The U.S. occupation of Iraq has descended into chaos. Over 700 U.S. troops have now been killed in Iraq since the beginning of the invasion, 100 of them in April alone. The past 14 days have reportedly been the deadliest two-week span for US troops since October 1971 during the Vietnam War.

In the face of overwhelming Iraqi resistance, the Pentagon has been forced to extend the stay of some 20,000 soldiers who were scheduled to leave soon for home. Over 130,000 U.S. soldiers remain stationed in Iraq.

But the American military empire stretches far beyond the Middle East. The U.S. maintains a vast network of bases on every continent except Antarctica spanning some 130 countries around the world and the government is continually looking for ways to replenish its overstretched military.

One place it is focusing its attention, is American high schools. Since 2001, the Bush administration has been requiring high schools to disclose student records to military recruiters or risk losing federal aid.

Under a mandate authorized by the Bush administration’s No Child Left Behind Act, recruiters are entitled to get the names, addresses and phone numbers of high school juniors and seniors, unless parents or students sign a form requesting that the data be withheld. Districts that don’t comply stand to lose millions in federal funding. As one Pentagon spokeswoman told the Los Angeles Times, the policy “Allows the Department of Defense to recruit from a much broader, diverse and more representative group of the youth of America.”
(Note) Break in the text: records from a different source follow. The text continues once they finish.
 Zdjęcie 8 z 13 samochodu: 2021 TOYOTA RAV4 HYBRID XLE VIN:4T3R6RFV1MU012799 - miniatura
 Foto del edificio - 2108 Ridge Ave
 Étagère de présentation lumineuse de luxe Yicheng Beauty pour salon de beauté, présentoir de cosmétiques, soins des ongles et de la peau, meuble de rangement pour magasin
Yesterday in Santa Barbara I spoke with Michael Cervantes, an Army veteran with Veterans for Peace who is campaiging against Bush’s policy to target high school students for military recruitment. Cervantes fought in the Vietnam war after being drafted out of high school. I asked him what actions he had taken against the policy.

  • Michael Cervantes, an Army veteran with Veterans for Peace who is campaiging against a Bush administration policy that requires high schools to disclose student records to military recruiters or risk losing federal aid. He fought in the Vietnam War after being drafted out of high school.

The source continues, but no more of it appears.